The TrialContext provides useful methods for writing Trial subclasses. All Trial subclasses receive a TrialContext object as an argument to their __init__() method:

determined.TrialContext

class determined.TrialContext(env: determined._env_context.EnvContext, hvd_config: determined.horovod.HorovodContext)

A base class that all TrialContexts will inherit from. The context passed to the UserTrial.__init__() when we instantiate the user’s Trial must inherit from this class.

TrialContext always has an instance of DistributedContext accessible as the distributed attribute for information related to distributed training.

get_data_config() → Dict[str, Any]

Return the data configuration.

get_experiment_config() → Dict[str, Any]

Return the experiment configuration.

get_experiment_id() → int

Return the experiment ID of the current trial.
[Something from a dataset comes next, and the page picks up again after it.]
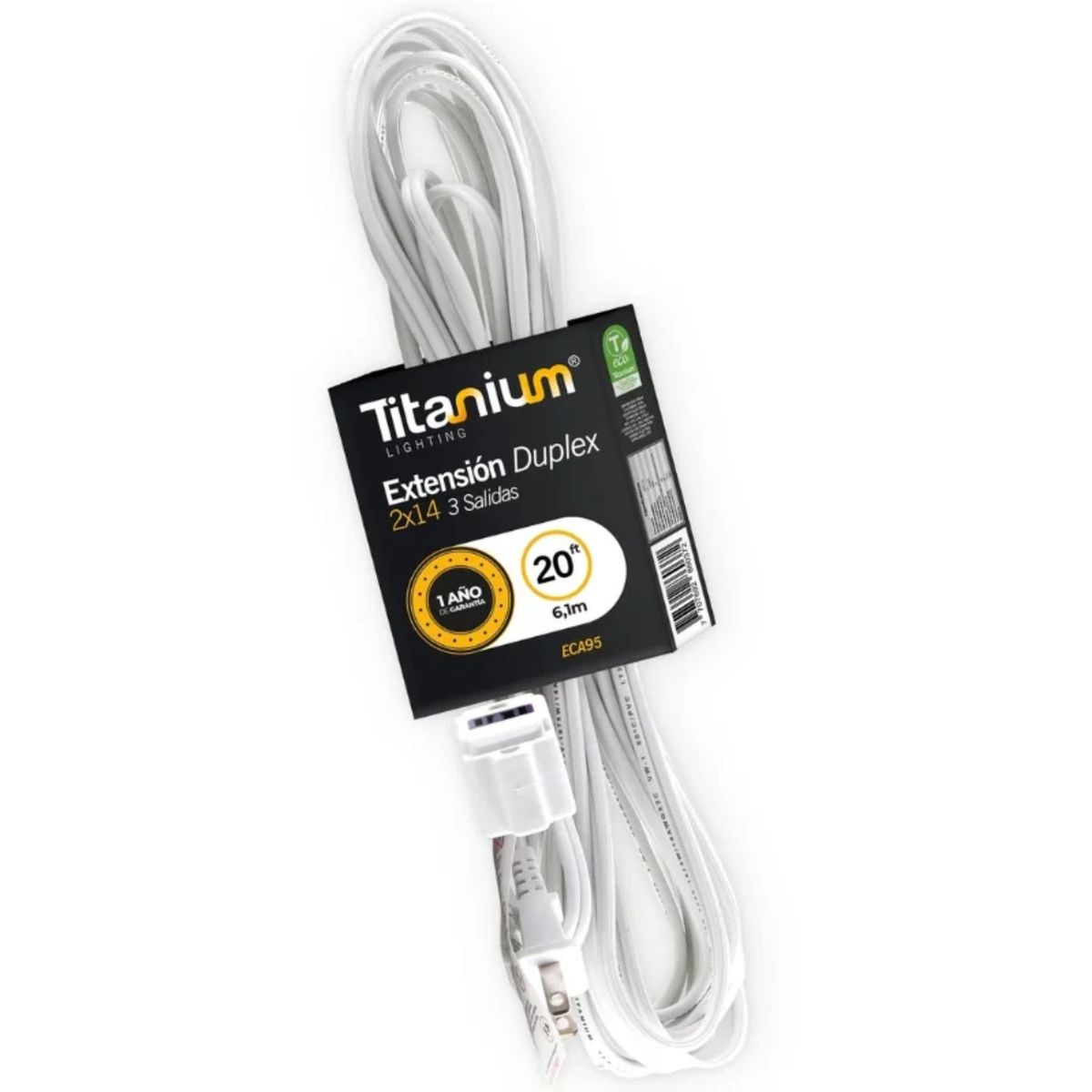 GENERICO - extensión eléctrica multitoma blanca 6,1 metros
get_global_batch_size() → int

Return the global batch size.

get_hparam(name: str) → Any

Return the current value of the hyperparameter with the given name.

get_hparams() → Dict[str, Any]

Return a dictionary of hyperparameter names to values.

get_per_slot_batch_size() → int

Return the per-slot batch size. When a model is trained with a single GPU, this is equal to the global batch size. When multi-GPU training is used, this is equal to the global batch size divided by the number of GPUs used to train the model.

get_stop_requested() → bool

Return whether a trial stoppage has been requested.

get_trial_id() → int

Return the trial ID of the current trial.

set_stop_requested(stop_requested: bool) → None

Set a flag to request a trial stoppage. When this flag is set to True, we finish the step, checkpoint, then exit.

determined.TrialContext.distributed

class determined._train_context.DistributedContext(env: determined._env_context.EnvContext, hvd_config: determined.horovod.HorovodContext)

DistributedContext extends all TrialContexts and NativeContexts under the context.distributed namespace. It provides useful methods for effective distributed training.

get_rank() → int

Return the rank of the process in the trial. The rank of a process is a unique ID within the trial; that is, no two processes in the same trial will be assigned the same rank.

get_local_rank() → int

Return the rank of the process on the agent. The local rank of a process is a unique ID within a given agent and trial; that is, no two processes in the same trial that are executing on the same agent will be assigned the same rank.

get_size() → int

Return the number of slots this trial is running on.

get_num_agents() → int

Return the number of agents this trial is running on.